Banano Black Monkey Probabilities 🙊

Banano Black Monkey probabilities 🙊

By jka | Experiments | 5 Mar 2020

If you don't know what Banano's Black Monkey game is, you can check out an article about it here. It's a puzzle game in which you need to compare six monkeys and find five similarities, then you chose the different one and you will get credits. The clue is that you will get Banano coins similar to your score at the end of the round straight to your Banano wallet.

Because monkeys have different features such as hats, glasses, shoes et cetera I wanted to try out which pattern is the best for effective playing.
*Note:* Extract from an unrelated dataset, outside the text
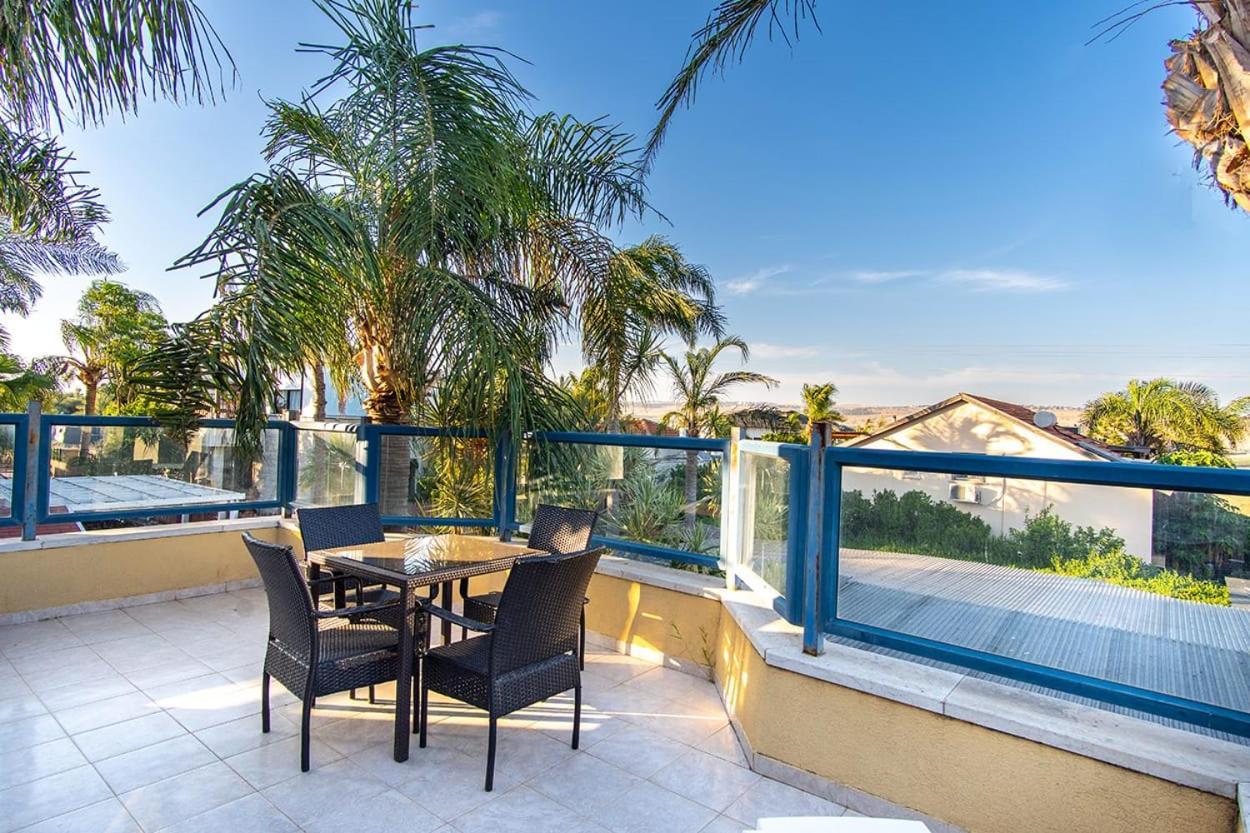 Villa Nof Glili Mansion Yavneʼel Exterior foto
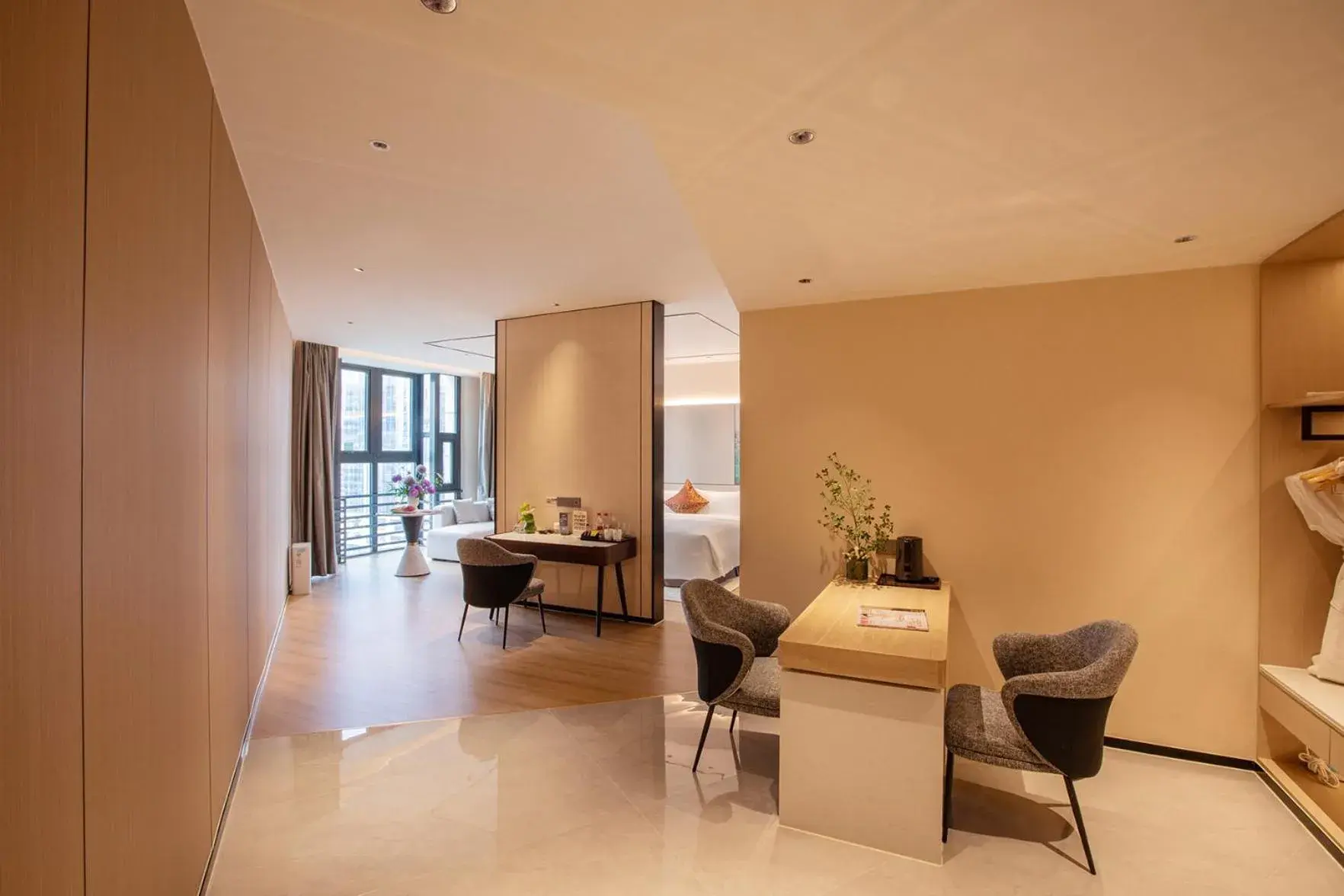 Lia Studio King Bed Room in Lia Charlton Hotel Shenzhen Lia Studio King Bed Room in Lia Charlton Hotel Shenzhen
So I had the idea of counting how often the difference is in each "category" in 1000 rounds. Before I started I thought that the distribution over the categories is similar spread.

So I played 1000 rounds and this was the distribution:

  • 1. headwear: 151 (15.1%)
  • 2. outfit/shirts/pants: 146 (14.6%)
  • 3. shoes/feet: 145 (14.5%)
  • 3. coat colour: 145 (14.5%)
  • 5. face expression/pipe/cigarette: 142 (14.2%)
  • 6. glasses/eyes: 138 (13.8%)
  • 7. hands/accessories: 133 (13.3%)

In my opinion, the random number generator doesn't prefer one category. The distribution changed during the rounds, after round 500 the list looked totally different. One thing that caught my eye was that there was never more than 20 points difference between first and last place.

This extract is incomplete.